G. International Product Tracing Systems

Some countries have mandatory product tracing systems in place in various forms, although these systems are more prevalent with respect to animal identification than for food in general. The European Union (EU), in addition to having a mandatory product tracing system for animals, also requires a product tracing system for all food and feed businesses. Specifically, the EU requires all food and feed to be traceable “one step forward and one step back” in EU member states. Food and feed business operators must be able to document where a particular food or feed product came from and where it is going next. Specifically, they must be able to document the names and addresses of suppliers and customers, as well as the nature of the product and date of delivery. They are also encouraged to keep information on the volume and quantity of a product; the batch number, if one exists; and a more detailed description of the product, such as whether it is fresh or processed. Food and feed business operators must also have systems and procedures that allow them to provide this information to the competent authorities on demand. In addition to these general requirements, sector-specific requirements apply to certain categories of food products (fruit and vegetables, beef, fish, honey, olive oil) (Refs. 17 through 20). In 2007, the EU began a 4-year study to develop, test, and evaluate two full pilot product tracing systems—one for the tomato food chain and the other for the feed/dairy chain (Ref. 21).

In 2006, Codex established principles for tracing food through production and distribution processes (Ref. 2). The Codex principles are intended to assist government authorities in utilizing product tracing as a tool within their food inspection and certification system.

Certain private international standard setting organizations have also developed principles and other guidelines on product tracing systems for use by industry. For example, in 2007 the International Standards Organization (ISO) issued ISO 22005:2007, which provides general principles and basic requirements for designing and implementing a product tracing system along a food processor's supply chain.3 Another example is the GS1 Global Traceability Standard (Ref. 22), which is being used by the PMA, CPMA, UFPA, and other associations involved in the PTI.

H. Actions Suggested by Stakeholders

Some consumer advocacy groups have asked us to develop and implement emergency regulations that would require source tracing for produce (farm-to-table); written food safety plans for farmers, processors, and packinghouses; and tighter controls on repacking (Ref. 23). Some industry trade associations have asked FDA and CDC to convene a meeting with industry representatives and work together to minimize the human and economic impact of an outbreak (Ref. 24). These Start Printed Page 55120trade associations urged FDA and CDC to work in partnership with industry to find solutions to speed up and streamline outbreak identification and response. These trade associations also recommended that a working group be established to look at crisis management systems and that teams of industry experts be established to help in traceback investigations.

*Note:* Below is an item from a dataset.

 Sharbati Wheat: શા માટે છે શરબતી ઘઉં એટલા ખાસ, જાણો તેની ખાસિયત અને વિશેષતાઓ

I. Issues and Questions for Discussion

As previously noted, we need to increase the speed and accuracy of traceback investigations to help limit the public health impact of a foodborne illness outbreak; to limit to a particular region, locality, farm(s), or processor(s) the source of the problem (where the source is in fact limited), so that an entire industry is not unnecessarily affected; to enable public health authorities and the food industry to provide targeted and accurate information about affected food to consumers; to institute steps to correct the source of contamination; and, as a result, to restore or enhance consumer confidence in produce safety.

We intend the public meetings to stimulate and focus a discussion about mechanisms to enhance product tracing systems for fresh produce and to improve FDA's ability to use the information in such systems to identify the source of contamination associated with fresh produce-related outbreaks of foodborne illness. This discussion will help FDA determine what short and long term steps, such as issuing regulations, we should take to enhance the current tracing system. Aspects of these measures could require new legal authority. We welcome public comments and/or data on the following issues related to product tracing systems for fresh produce:

1. Should a “fresh produce identifier” be assigned to fresh produce? If so, at what stage or stages in the supply chain should such an identifier be assigned or modified? What data or information would be useful to include in such an identifier? Should the identifier be placed on the fresh produce, the package, the shipping container, and/or the invoice or bill of lading? Should the location of the identifier depend on the type of produce or on other factors?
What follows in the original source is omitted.